Kalau hasil hitung weton jodoh itu baik, ikatan pernikahan pun diyakini akan berjalan baik.
Sebaliknya, jika tidak pas atau kurang tepat maka ada keyakinan lebih baik dibatalkan saja.
Baca juga: Gisel Masih Trending, Kini Viral Video Syur Mirip Jedar dengan Durasi Lebih Panjang
Baca juga: Lagi-lagi Viral Video Syur Diduga Gisel, Sedang Liburan Disponsori Raffi Ahmad
Baca juga: Setelah Tobat Jadi Preman dan Masuk Kopassus Untung Pranoto Masih Ditolak Calon Mertua, Ini Kisahnya
Baca juga: BREAKING NEWS: Baku Hantam Terjadi di SPBU Ngaliyan Kota Semarang, Polisi Buru Pelaku
Pernikahan memang merupakan momen yang sakral karena di dalamnya memuat janji pasangan yang akan berumah tangga.
Oleh sebab itu, banyak orang mempertimbangkan berbagai hal agar pernikahan tersebut berjalan lancar hingga maut memisahkan.
Bagi masyarakat Jawa, satu di antara pertimbangan tersebut adalah weton.
Weton merupakan hari kelahiran berdasarkan perhitungan hari dalam kalender Jawa meliputi Pon, Wage, Kliwon, Legi, dan Pahing.
Ada yang percaya, hari pasaran ini dapat menjadi tolok ukur dalam menentukan kecocokan si pasangan.
Seperti yang dilakukan Faris Fardianto (32), warga Semarang Utara, beberapa waktu lalu sebelum melangsungkan pernikahan.
Dia sampai berkali-kali datang ke orang pintar atau dukun weton untuk menentukan tanggal pernikahan yang tepat.
Selain sudah menjadi tradisi di dalam keluarganya yang menjunjung tinggi budaya Jawa, Faris merasa ada yang kurang jika belum memastikan weton saat akan melangsungkan pernikahan.
"Saya bolak-balik ke dukun weton sampai lima kali. Ya, pokoknya sesuai krenteke ati wis mantep (sesuai kemantapan hati). Selain weton kami berdua dihitung, saya dikasih (saran) bulan dan jam (pernikahan) yang bagus sesuai weton. Setelah itu minta saran ke pihak orangtua saya sampai beberapa kali," kata dia kepada Tribunjateng.com, Minggu (8/11/2020).
Faris mengaku yakin perhitungan weton ini sangat mujarab untuk memperkirakan kehidupan dirinya dan pasangannya.
Termasuk saat pernikahannya telah berjalan tiga tahun ini.
Menurutnya, rumah tangganya yang ia sebut harmonis hingga dikaruniai seorang putri tersebut tidak lepas dari rasa percayanya.
"Apa yang saya rasakan sekarang itu karena percaya bahwa hitung-hitungan weton sangat mujarab untuk memperkirakan kehidupan kelak.
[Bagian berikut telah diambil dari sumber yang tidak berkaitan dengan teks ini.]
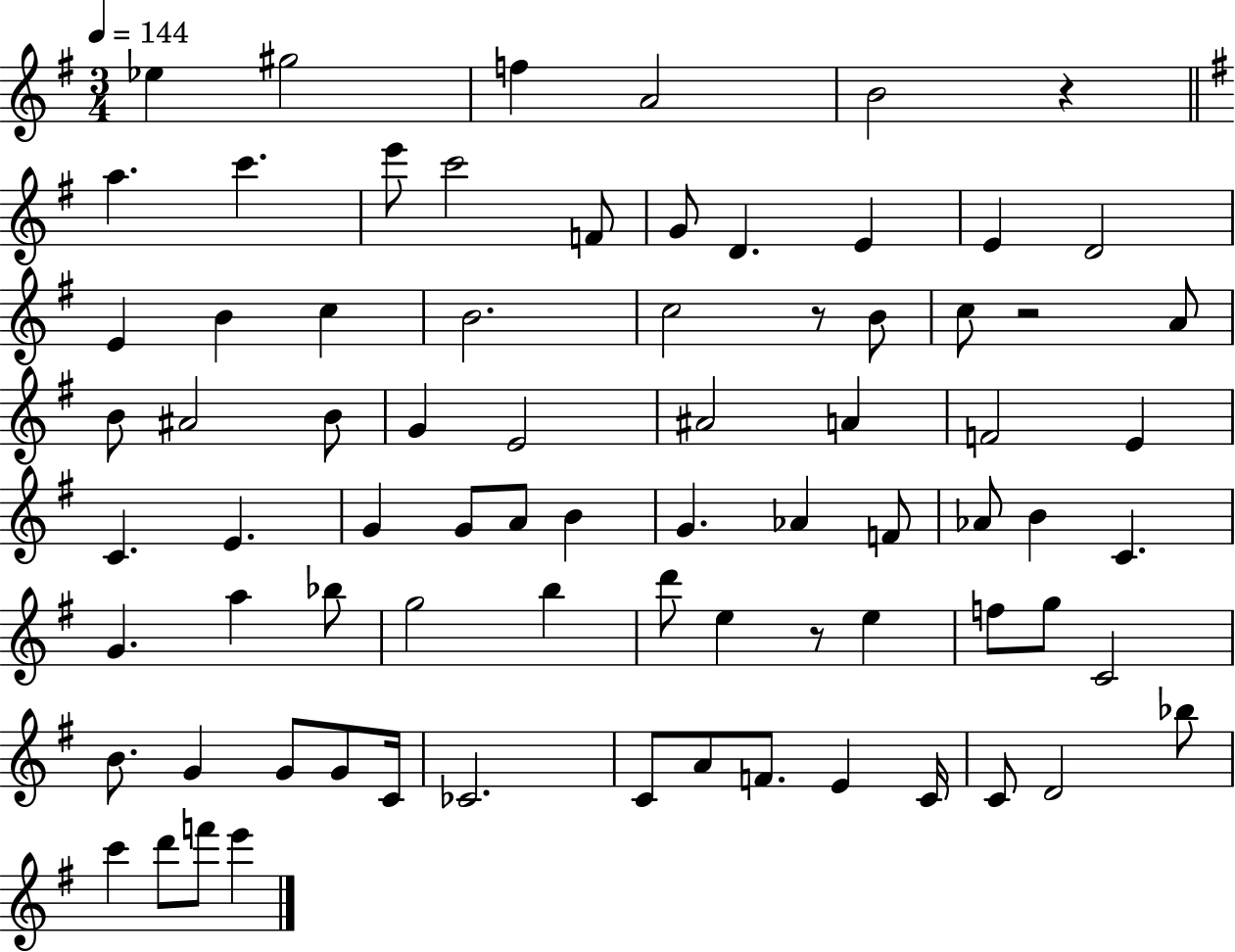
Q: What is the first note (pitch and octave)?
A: Eb5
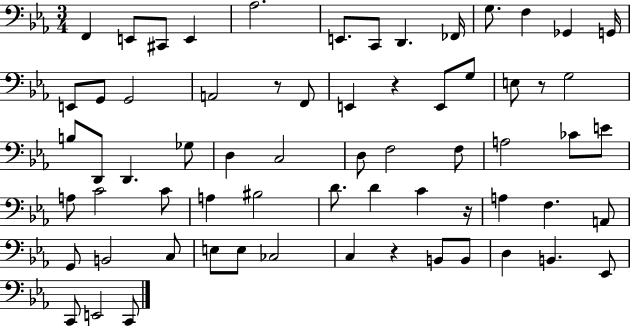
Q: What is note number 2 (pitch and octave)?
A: E2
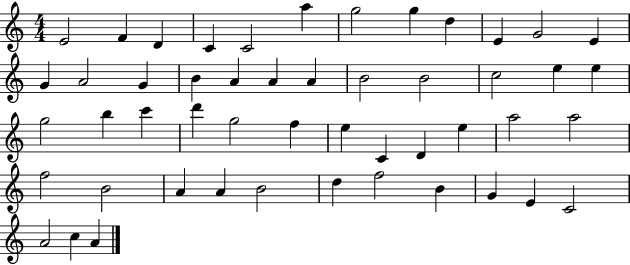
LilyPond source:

{
  \clef treble
  \numericTimeSignature
  \time 4/4
  \key c \major
  e'2 f'4 d'4 | c'4 c'2 a''4 | g''2 g''4 d''4 | e'4 g'2 e'4 | \break g'4 a'2 g'4 | b'4 a'4 a'4 a'4 | b'2 b'2 | c''2 e''4 e''4 | \break g''2 b''4 c'''4 | d'''4 g''2 f''4 | e''4 c'4 d'4 e''4 | a''2 a''2 | \break f''2 b'2 | a'4 a'4 b'2 | d''4 f''2 b'4 | g'4 e'4 c'2 | \break a'2 c''4 a'4 | \bar "|."
}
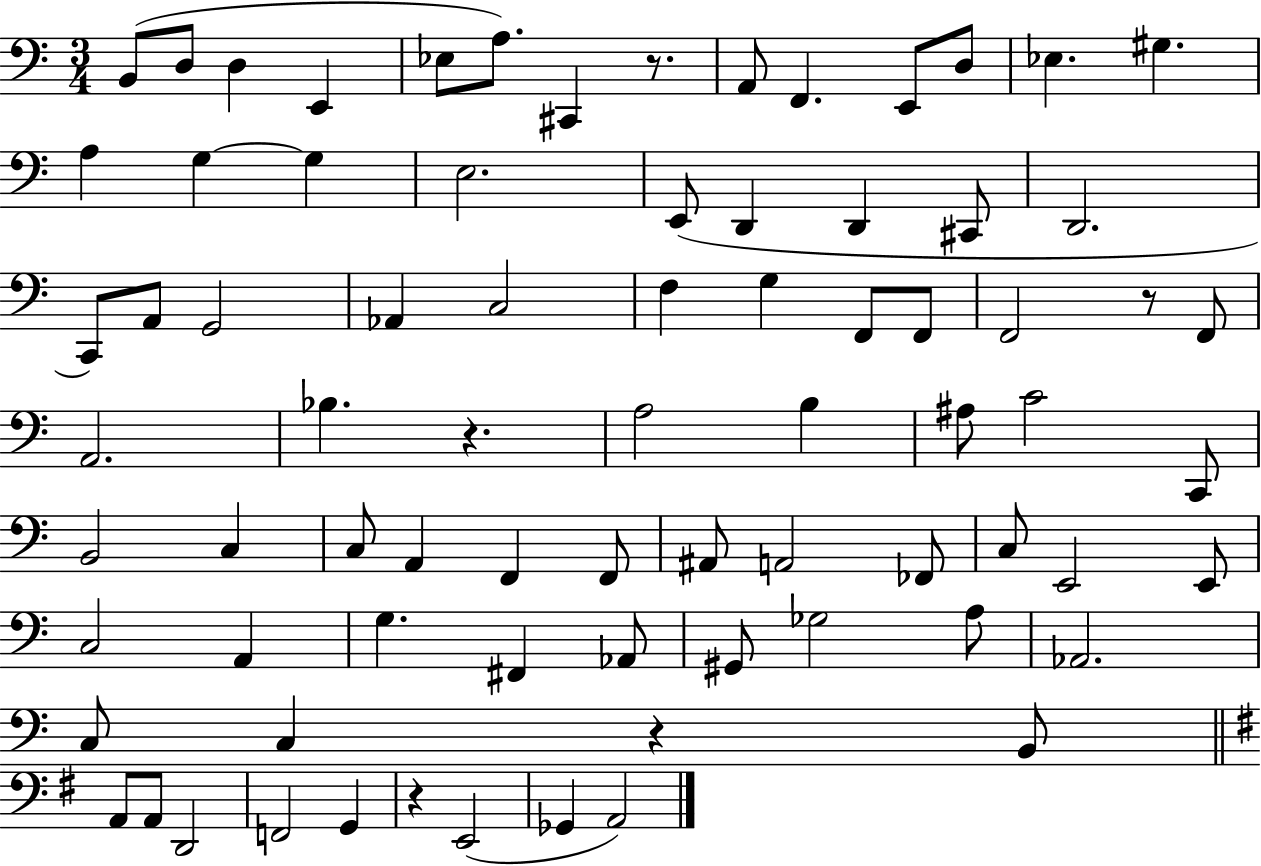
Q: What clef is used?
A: bass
Menurut saya, weton yang jelek akan tertimpa malapetaka sedangkan weton yang bagus akan memunculkan kebahagiaan bagi kedua belah keluarga yang disatukan," kata Faris.
Pakar Kejawen sekaligus budayawan asal Salatiga, Sujisno (68), menjelaskan, pernikahan berdasarkan weton merupakan sebuah kepercayaan bagi pemiliknya.
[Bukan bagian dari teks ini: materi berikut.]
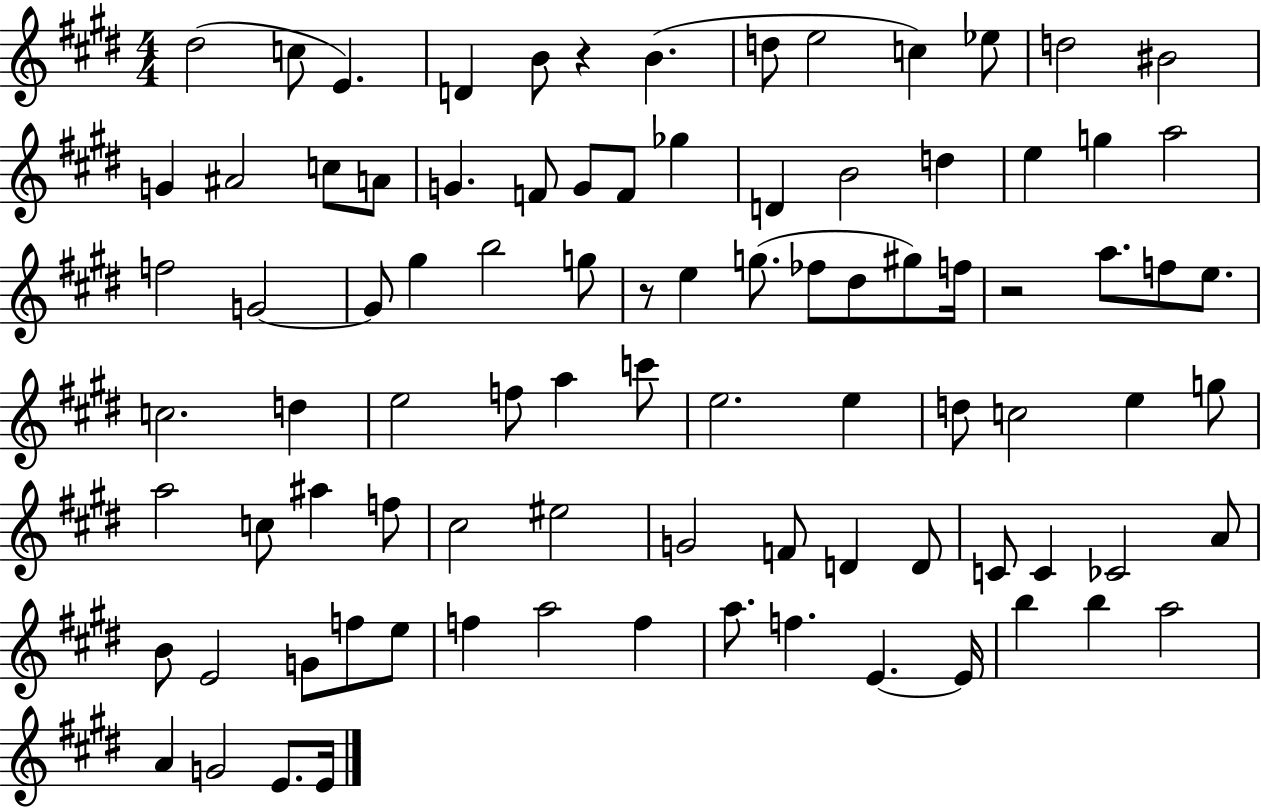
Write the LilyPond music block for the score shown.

{
  \clef treble
  \numericTimeSignature
  \time 4/4
  \key e \major
  dis''2( c''8 e'4.) | d'4 b'8 r4 b'4.( | d''8 e''2 c''4) ees''8 | d''2 bis'2 | \break g'4 ais'2 c''8 a'8 | g'4. f'8 g'8 f'8 ges''4 | d'4 b'2 d''4 | e''4 g''4 a''2 | \break f''2 g'2~~ | g'8 gis''4 b''2 g''8 | r8 e''4 g''8.( fes''8 dis''8 gis''8) f''16 | r2 a''8. f''8 e''8. | \break c''2. d''4 | e''2 f''8 a''4 c'''8 | e''2. e''4 | d''8 c''2 e''4 g''8 | \break a''2 c''8 ais''4 f''8 | cis''2 eis''2 | g'2 f'8 d'4 d'8 | c'8 c'4 ces'2 a'8 | \break b'8 e'2 g'8 f''8 e''8 | f''4 a''2 f''4 | a''8. f''4. e'4.~~ e'16 | b''4 b''4 a''2 | \break a'4 g'2 e'8. e'16 | \bar "|."
}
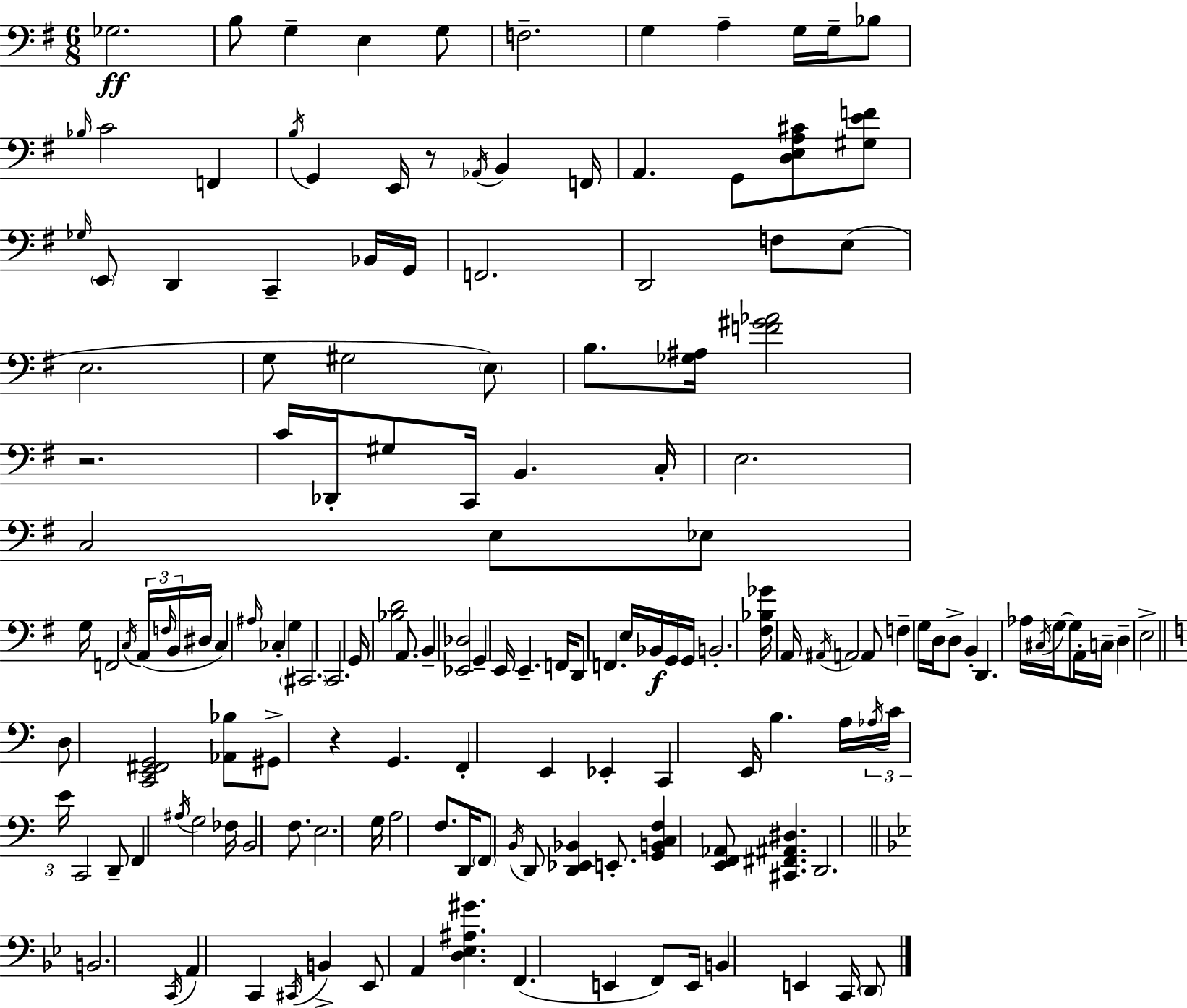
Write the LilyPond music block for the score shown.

{
  \clef bass
  \numericTimeSignature
  \time 6/8
  \key g \major
  ges2.\ff | b8 g4-- e4 g8 | f2.-- | g4 a4-- g16 g16-- bes8 | \break \grace { bes16 } c'2 f,4 | \acciaccatura { b16 } g,4 e,16 r8 \acciaccatura { aes,16 } b,4 | f,16 a,4. g,8 <d e a cis'>8 | <gis e' f'>8 \grace { ges16 } \parenthesize e,8 d,4 c,4-- | \break bes,16 g,16 f,2. | d,2 | f8 e8( e2. | g8 gis2 | \break \parenthesize e8) b8. <ges ais>16 <f' gis' aes'>2 | r2. | c'16 des,16-. gis8 c,16 b,4. | c16-. e2. | \break c2 | e8 ees8 g16 f,2 | \acciaccatura { c16 }( \tuplet 3/2 { a,16 \grace { f16 } b,16 } dis16 c4) \grace { ais16 } ces4-. | g4 \parenthesize cis,2. | \break c,2. | g,16 <bes d'>2 | a,8. b,4-- <ees, des>2 | g,4-- e,16 | \break e,4.-- f,16 d,8 f,4. | e16 bes,16\f g,16 g,16 b,2.-. | <fis bes ges'>16 a,16 \acciaccatura { ais,16 } a,2 | a,8 f4-- | \break g16 d16 d8-> b,4-. d,4. | aes16 \acciaccatura { cis16 } g16~~ g8 a,16-. c16-- d4-- | e2-> \bar "||" \break \key c \major d8 <c, e, fis, g,>2 <aes, bes>8 | gis,8-> r4 g,4. | f,4-. e,4 ees,4-. | c,4 e,16 b4. a16 | \break \tuplet 3/2 { \acciaccatura { aes16 } c'16 e'16 } c,2 d,8-- | f,4 \acciaccatura { ais16 } g2 | fes16 b,2 f8. | e2. | \break g16 a2 f8. | d,16 \parenthesize f,8 \acciaccatura { b,16 } d,8 <d, ees, bes,>4 | e,8.-. <g, b, c f>4 <e, f, aes,>8 <cis, fis, ais, dis>4. | d,2. | \break \bar "||" \break \key bes \major b,2. | \acciaccatura { c,16 } a,4 c,4 \acciaccatura { cis,16 } b,4-> | ees,8 a,4 <d ees ais gis'>4. | f,4.( e,4 | \break f,8) e,16 b,4 e,4 c,16 | \parenthesize d,8 \bar "|."
}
Dalam kepercayaan Jawa, menurutnya, menentukan waktu akad nikah harus dilaksanakan pada hari yang tepat.
Bahkan pula dengan ketepatan perhitungan jam hingga detik.
Hal itu tidak lepas dari tiga siklus global yang ada di dalam kepercayaan tersebut meliputi matahari terbit, matahari di tengah, dan matahari terbenam.
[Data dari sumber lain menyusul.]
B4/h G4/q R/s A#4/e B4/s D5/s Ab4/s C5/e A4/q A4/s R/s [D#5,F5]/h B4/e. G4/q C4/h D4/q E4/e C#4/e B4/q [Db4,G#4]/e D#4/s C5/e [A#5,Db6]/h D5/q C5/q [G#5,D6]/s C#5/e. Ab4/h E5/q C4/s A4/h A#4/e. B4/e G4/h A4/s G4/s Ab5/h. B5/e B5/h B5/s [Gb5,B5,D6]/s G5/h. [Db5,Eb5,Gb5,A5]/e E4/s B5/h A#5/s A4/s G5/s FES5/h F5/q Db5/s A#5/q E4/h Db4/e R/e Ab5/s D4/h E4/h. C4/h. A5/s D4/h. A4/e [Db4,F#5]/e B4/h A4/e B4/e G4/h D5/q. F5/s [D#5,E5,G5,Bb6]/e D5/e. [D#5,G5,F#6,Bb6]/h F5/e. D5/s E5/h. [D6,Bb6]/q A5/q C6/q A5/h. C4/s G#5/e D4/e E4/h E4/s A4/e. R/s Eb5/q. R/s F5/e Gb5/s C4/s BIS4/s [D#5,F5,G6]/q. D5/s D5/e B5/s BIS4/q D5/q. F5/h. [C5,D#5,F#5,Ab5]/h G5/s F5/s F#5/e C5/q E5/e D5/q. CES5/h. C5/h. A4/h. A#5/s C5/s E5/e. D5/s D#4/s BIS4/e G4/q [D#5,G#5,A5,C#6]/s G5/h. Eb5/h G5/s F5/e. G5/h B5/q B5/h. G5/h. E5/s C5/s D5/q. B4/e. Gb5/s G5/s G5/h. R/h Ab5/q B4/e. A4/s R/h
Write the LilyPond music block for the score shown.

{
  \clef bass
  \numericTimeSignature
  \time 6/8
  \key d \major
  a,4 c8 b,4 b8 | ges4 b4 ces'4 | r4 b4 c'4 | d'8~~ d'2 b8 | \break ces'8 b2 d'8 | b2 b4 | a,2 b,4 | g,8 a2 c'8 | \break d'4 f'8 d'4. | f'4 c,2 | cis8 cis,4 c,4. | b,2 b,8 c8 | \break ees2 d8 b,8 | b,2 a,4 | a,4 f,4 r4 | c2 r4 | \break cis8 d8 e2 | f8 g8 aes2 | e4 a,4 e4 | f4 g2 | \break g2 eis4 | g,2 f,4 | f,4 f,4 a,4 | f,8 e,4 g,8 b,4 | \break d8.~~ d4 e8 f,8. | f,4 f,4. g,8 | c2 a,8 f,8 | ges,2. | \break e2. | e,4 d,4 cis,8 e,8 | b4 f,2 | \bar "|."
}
"Itu untuk pagi dan sore pergantiannya ada persekian menit status quo, artinya tidak ada status dari pagi ke siang. Dari sekian menit itu tidak ada status, tidak pagi dan tidak siang. Pada kepercayaan Jawa, anak yang lahir saat itu bukan anaknya," terangnya kepada Tribunjateng.com, Senin (2/11/2020).
Pada siklus pernikahan, ia menyebut ada lima fase dalam penghitungannya.
Fase tersebut dimulai pukul 06.00 WIB dalam fase detik.
Bagi orang-orang yang melaksanakan ijab kabul dalam waktu-waktu yang telah ditetapkan tersebut, menurutnya tidak dapat digeser atau diubah walau hanya satu detik.
Ia mencontohkan Selasa Wage ada dua waktu yang terbaik dalam menikahkan anak, yaitu slamet rejeki dan slamet bahagia.
Ia memilih paling utama adalah slamet bahagia.
"Kalau slamet sugeh masih kalah dengan slamet bahagia. Siklus itu katakanlah untuk hari ini pukul 08.33 sampai 10.32 WIB, fasenya hanya menit itu. Slamet bahagia ijab sumpahnya itu 10.35 WIB, sudah lain," tuturnya.
"Saya sudah banyak niteni (menandai). Itu bersumpah atas nama Tuhan, itu paling sakral menurut saya," imbuh dia.
Terkait penghitungan tanggal pernikahan melalui penanggalan Jawa, menurutnya jika hari pasaran yang akan melangsungkan pernikahan itu kurang cocok, tetap bisa diusahakan agar lebih baik.
Salah satu contoh kata dia, ketika weton A dan weton B menghasilkan hitungan di bawah 25.
Jumlah yang menurutnya menunjukkan ketidaktenangan dalam pernikahan itu masih dapat direkayasa.
Ia memberikan solusi, anak perempuan yang akan dinantikan tersebut diberikan kepada orang lain.
"Jadi yang mantu bukan saya, melainkan orang lain. Walinya tetap sama, tapi niat yang menikahkan itu orang lain. Setelah selesai baru ditebus, ada sesaji khusus," jelas dia. (idy)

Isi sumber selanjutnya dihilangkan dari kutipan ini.